[Records for the exercise]

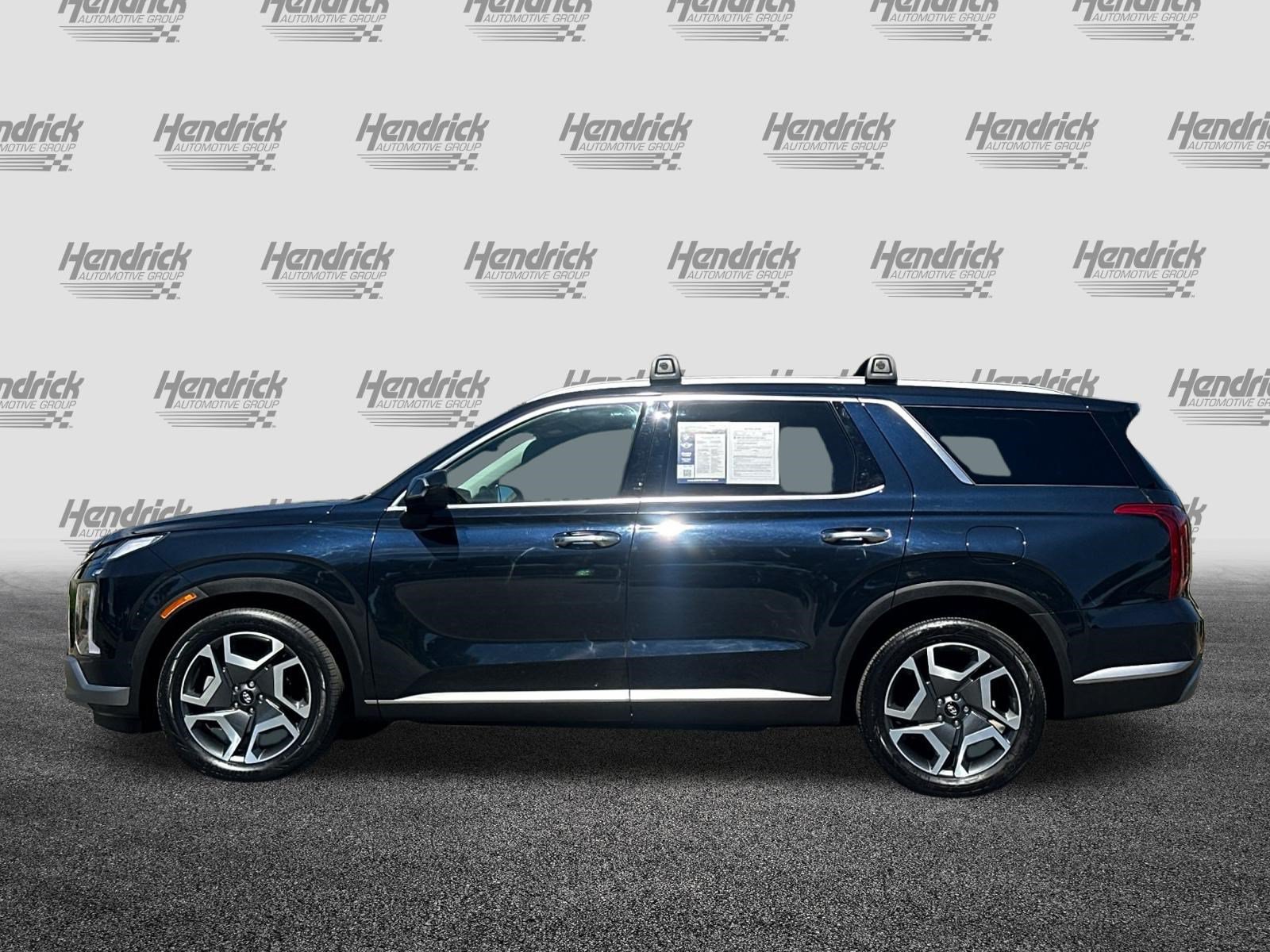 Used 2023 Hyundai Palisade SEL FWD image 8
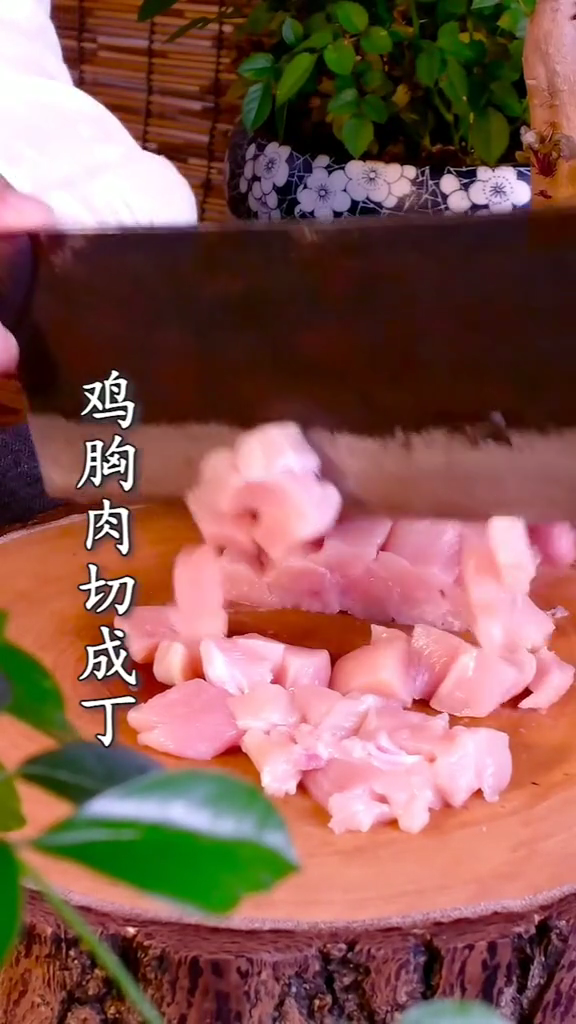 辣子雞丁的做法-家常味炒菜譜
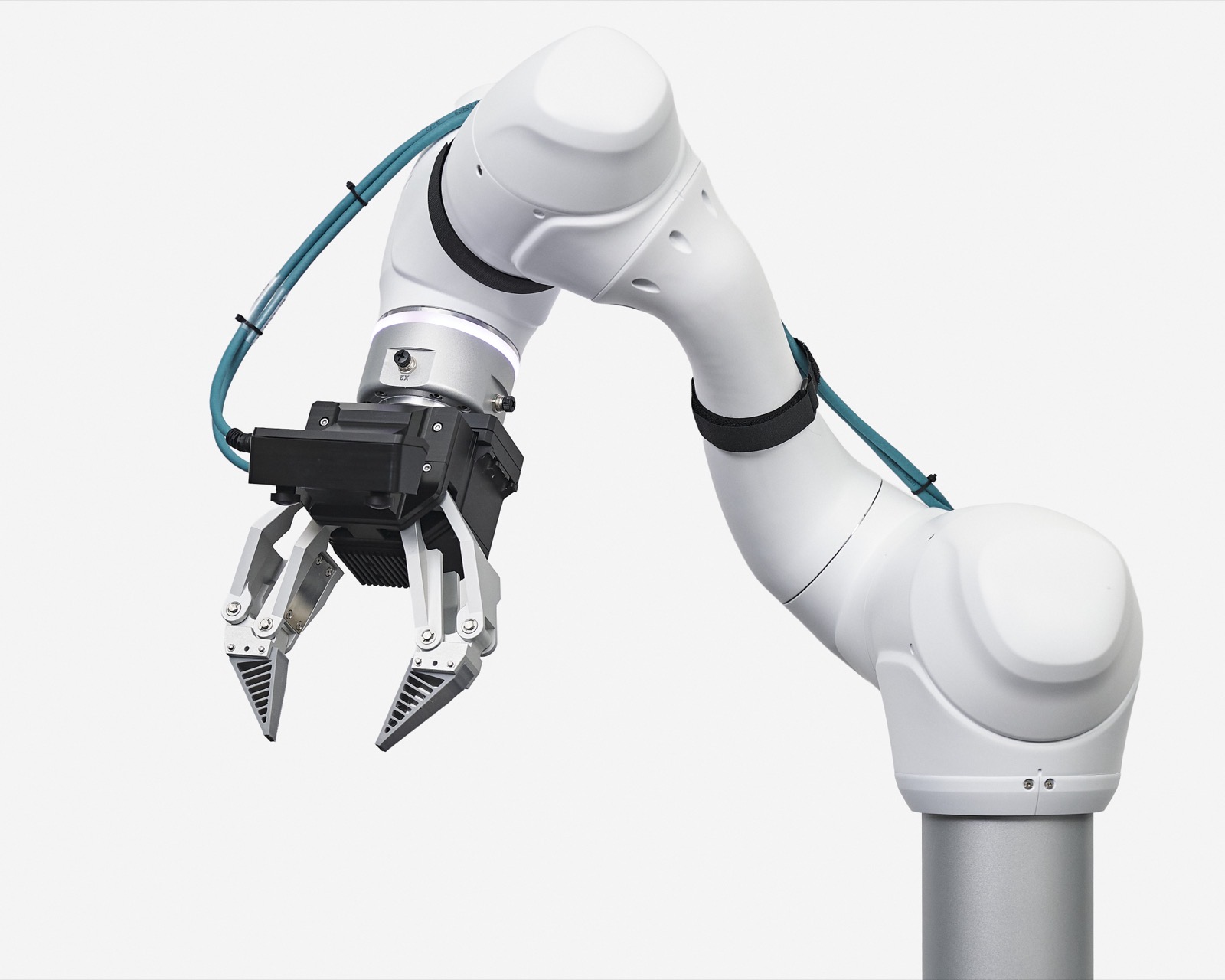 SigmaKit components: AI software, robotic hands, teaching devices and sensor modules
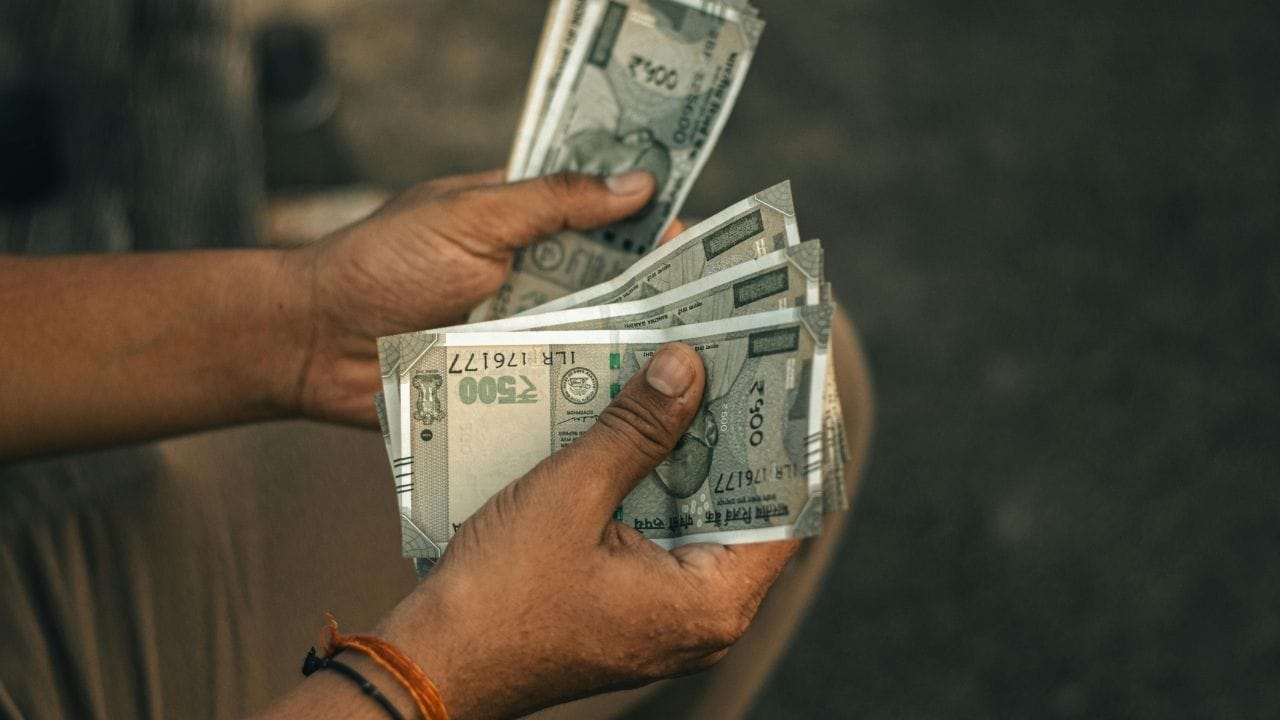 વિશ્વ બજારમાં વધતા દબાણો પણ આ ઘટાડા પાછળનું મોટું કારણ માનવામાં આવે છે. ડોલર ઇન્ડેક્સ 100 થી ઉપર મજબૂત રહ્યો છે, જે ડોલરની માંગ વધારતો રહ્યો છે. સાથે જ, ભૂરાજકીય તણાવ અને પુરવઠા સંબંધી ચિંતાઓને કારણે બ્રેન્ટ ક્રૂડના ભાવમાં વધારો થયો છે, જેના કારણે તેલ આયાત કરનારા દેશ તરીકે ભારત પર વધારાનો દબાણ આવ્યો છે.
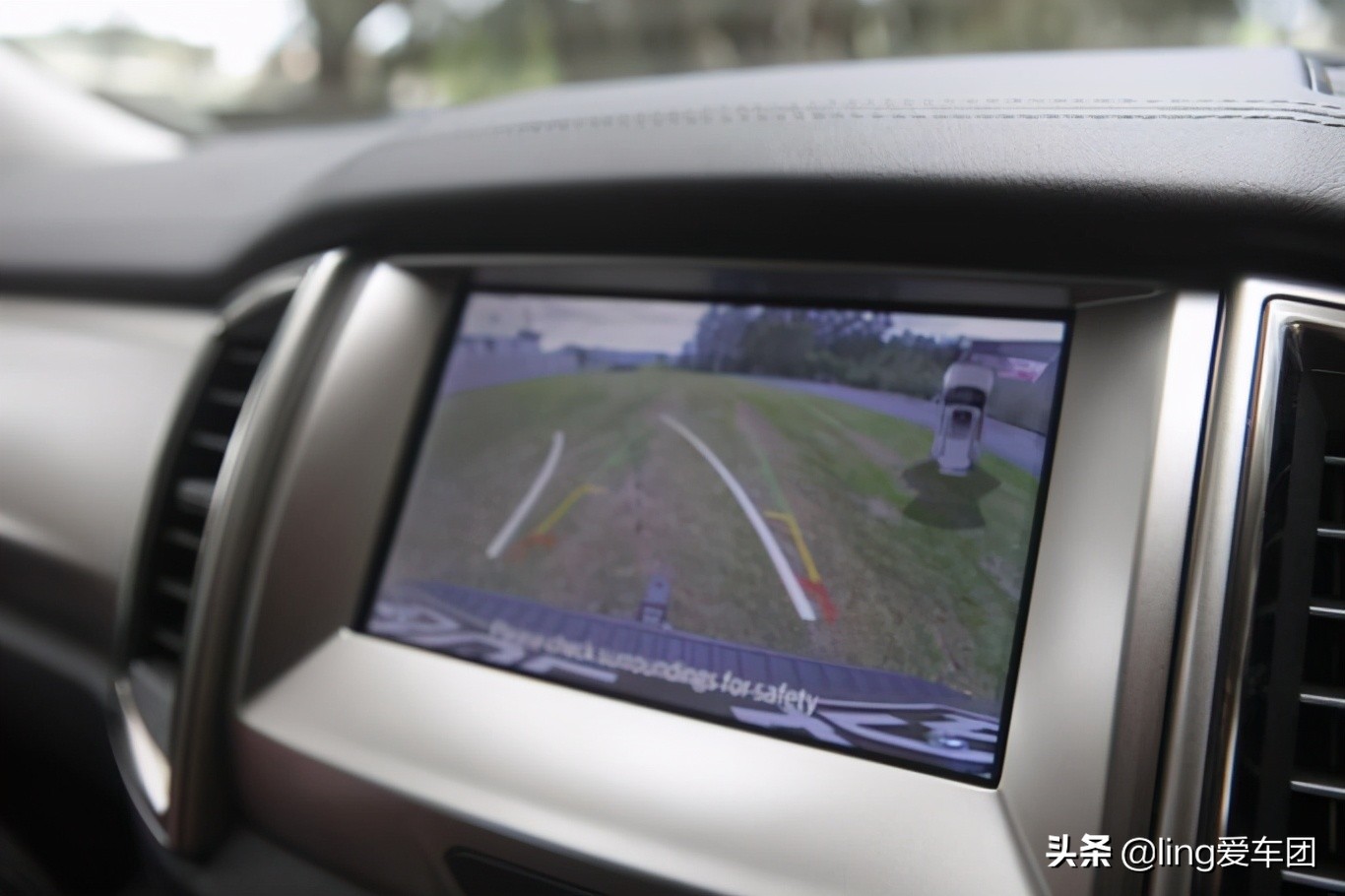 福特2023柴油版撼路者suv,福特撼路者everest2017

[/Records for the exercise]

What to produce: Reproduce only the lines from the line that holds "辣子雞丁的做法-家常味炒菜譜" through the end of the records, exactly as they stand, both ends included and pictures excluded.

Answer to this problem:
 辣子雞丁的做法-家常味炒菜譜
 SigmaKit components: AI software, robotic hands, teaching devices and sensor modules
 વિશ્વ બજારમાં વધતા દબાણો પણ આ ઘટાડા પાછળનું મોટું કારણ માનવામાં આવે છે. ડોલર ઇન્ડેક્સ 100 થી ઉપર મજબૂત રહ્યો છે, જે ડોલરની માંગ વધારતો રહ્યો છે. સાથે જ, ભૂરાજકીય તણાવ અને પુરવઠા સંબંધી ચિંતાઓને કારણે બ્રેન્ટ ક્રૂડના ભાવમાં વધારો થયો છે, જેના કારણે તેલ આયાત કરનારા દેશ તરીકે ભારત પર વધારાનો દબાણ આવ્યો છે.
 福特2023柴油版撼路者suv,福特撼路者everest2017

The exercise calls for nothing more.